**BRIEF**
Whenever the string "wide" turns up in a line below, that line should be copied.

**DATASET EXCERPTS**
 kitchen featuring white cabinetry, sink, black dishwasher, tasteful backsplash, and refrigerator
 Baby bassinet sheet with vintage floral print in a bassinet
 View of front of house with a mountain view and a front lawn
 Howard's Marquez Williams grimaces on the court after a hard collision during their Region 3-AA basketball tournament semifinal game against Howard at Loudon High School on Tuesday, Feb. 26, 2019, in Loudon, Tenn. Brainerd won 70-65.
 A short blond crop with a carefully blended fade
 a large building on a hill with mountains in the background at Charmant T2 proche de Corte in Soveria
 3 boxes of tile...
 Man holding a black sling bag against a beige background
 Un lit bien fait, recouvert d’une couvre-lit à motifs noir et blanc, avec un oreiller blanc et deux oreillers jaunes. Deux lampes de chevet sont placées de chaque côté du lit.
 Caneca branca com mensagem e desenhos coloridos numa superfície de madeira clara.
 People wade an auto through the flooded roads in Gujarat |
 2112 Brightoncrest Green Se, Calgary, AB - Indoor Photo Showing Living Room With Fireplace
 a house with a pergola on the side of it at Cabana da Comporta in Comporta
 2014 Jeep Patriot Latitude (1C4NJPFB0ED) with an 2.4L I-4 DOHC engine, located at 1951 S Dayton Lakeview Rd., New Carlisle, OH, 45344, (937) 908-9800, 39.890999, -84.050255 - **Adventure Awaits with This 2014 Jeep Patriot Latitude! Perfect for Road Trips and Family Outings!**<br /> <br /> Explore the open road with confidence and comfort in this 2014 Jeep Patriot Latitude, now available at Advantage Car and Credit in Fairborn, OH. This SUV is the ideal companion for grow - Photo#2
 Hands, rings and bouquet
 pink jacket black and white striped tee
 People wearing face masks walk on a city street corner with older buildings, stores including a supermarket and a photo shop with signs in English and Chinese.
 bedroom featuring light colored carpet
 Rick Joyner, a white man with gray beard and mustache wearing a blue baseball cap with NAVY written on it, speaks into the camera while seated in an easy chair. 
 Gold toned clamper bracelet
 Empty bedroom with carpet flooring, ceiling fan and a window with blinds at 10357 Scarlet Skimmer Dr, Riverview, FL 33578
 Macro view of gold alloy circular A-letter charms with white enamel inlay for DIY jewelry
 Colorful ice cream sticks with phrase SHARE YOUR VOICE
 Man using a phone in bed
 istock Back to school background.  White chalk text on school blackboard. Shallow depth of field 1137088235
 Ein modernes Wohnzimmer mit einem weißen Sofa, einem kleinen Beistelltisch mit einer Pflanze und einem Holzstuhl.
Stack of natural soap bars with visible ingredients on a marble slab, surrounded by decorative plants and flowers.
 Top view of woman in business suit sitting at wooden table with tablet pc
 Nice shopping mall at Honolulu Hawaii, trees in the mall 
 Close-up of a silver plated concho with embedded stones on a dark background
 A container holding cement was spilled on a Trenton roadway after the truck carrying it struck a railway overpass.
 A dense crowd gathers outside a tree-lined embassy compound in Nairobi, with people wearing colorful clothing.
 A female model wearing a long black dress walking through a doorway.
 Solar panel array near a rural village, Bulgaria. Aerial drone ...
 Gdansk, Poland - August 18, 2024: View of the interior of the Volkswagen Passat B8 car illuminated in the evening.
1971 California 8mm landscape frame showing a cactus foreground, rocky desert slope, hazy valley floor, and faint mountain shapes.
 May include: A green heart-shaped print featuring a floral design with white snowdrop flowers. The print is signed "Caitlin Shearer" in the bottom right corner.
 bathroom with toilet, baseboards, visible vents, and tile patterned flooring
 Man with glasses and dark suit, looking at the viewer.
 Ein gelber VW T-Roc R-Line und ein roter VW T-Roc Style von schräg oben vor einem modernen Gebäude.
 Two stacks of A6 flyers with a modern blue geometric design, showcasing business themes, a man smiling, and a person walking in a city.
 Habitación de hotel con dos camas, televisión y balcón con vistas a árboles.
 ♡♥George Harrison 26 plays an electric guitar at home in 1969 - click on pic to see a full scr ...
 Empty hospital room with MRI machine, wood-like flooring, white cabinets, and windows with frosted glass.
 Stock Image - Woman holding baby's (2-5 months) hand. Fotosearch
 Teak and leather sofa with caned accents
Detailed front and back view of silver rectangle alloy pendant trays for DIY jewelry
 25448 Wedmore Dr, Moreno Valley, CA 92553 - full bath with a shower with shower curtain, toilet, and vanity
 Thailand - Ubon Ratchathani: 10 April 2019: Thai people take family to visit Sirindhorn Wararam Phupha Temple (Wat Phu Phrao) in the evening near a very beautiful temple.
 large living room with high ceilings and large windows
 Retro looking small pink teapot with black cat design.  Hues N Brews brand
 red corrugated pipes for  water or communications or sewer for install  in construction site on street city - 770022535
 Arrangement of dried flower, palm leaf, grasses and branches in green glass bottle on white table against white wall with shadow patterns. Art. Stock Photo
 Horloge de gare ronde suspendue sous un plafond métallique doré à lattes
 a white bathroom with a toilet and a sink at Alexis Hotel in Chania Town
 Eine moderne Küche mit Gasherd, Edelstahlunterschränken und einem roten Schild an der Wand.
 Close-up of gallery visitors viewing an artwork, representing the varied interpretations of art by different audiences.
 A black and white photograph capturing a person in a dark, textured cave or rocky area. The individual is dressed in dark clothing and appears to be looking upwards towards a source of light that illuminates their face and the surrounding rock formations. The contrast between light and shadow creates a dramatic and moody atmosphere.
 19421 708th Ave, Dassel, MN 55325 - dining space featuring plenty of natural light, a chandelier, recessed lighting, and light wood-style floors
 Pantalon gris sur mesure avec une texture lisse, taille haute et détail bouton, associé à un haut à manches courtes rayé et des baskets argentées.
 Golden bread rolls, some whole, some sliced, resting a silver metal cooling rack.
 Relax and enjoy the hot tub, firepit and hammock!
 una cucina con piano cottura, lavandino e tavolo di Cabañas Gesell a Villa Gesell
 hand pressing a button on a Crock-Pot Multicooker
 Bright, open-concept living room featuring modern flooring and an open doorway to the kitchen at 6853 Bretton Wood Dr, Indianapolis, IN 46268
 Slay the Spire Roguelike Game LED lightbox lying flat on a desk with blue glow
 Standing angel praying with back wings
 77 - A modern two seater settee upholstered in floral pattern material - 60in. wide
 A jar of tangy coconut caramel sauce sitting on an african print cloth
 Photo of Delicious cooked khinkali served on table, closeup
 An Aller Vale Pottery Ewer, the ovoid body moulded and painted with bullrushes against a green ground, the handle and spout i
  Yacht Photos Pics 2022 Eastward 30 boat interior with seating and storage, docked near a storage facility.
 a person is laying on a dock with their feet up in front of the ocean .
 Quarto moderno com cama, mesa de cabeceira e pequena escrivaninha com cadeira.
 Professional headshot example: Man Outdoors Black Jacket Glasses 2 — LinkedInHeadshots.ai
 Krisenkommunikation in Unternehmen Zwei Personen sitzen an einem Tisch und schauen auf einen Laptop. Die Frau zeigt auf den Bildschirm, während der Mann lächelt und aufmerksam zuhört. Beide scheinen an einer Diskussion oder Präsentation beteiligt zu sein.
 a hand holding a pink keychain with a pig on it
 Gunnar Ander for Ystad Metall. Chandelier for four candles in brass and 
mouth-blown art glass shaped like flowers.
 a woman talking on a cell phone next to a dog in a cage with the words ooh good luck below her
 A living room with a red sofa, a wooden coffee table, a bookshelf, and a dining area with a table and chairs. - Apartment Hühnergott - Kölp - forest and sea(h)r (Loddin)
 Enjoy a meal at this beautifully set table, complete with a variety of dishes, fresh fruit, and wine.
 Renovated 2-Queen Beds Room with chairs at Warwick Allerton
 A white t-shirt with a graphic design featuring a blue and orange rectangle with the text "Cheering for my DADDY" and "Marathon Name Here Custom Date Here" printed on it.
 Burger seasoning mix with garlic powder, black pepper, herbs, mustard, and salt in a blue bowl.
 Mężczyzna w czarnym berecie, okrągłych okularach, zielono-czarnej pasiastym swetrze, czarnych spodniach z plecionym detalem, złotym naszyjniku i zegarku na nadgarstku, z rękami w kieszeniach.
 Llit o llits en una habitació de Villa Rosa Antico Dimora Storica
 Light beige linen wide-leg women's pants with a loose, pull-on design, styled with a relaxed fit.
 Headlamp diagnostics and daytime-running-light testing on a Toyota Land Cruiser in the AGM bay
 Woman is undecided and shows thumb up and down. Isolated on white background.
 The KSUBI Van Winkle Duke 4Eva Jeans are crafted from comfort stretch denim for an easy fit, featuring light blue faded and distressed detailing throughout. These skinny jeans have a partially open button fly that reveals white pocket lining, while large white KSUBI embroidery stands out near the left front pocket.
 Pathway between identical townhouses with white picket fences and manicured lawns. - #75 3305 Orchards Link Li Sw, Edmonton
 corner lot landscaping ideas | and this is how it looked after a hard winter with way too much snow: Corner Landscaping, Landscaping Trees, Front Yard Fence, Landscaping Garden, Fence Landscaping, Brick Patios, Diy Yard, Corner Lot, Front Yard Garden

**RESULT FOR THIS EXERCISE**
 77 - A modern two seater settee upholstered in floral pattern material - 60in. wide
 Light beige linen wide-leg women's pants with a loose, pull-on design, styled with a relaxed fit.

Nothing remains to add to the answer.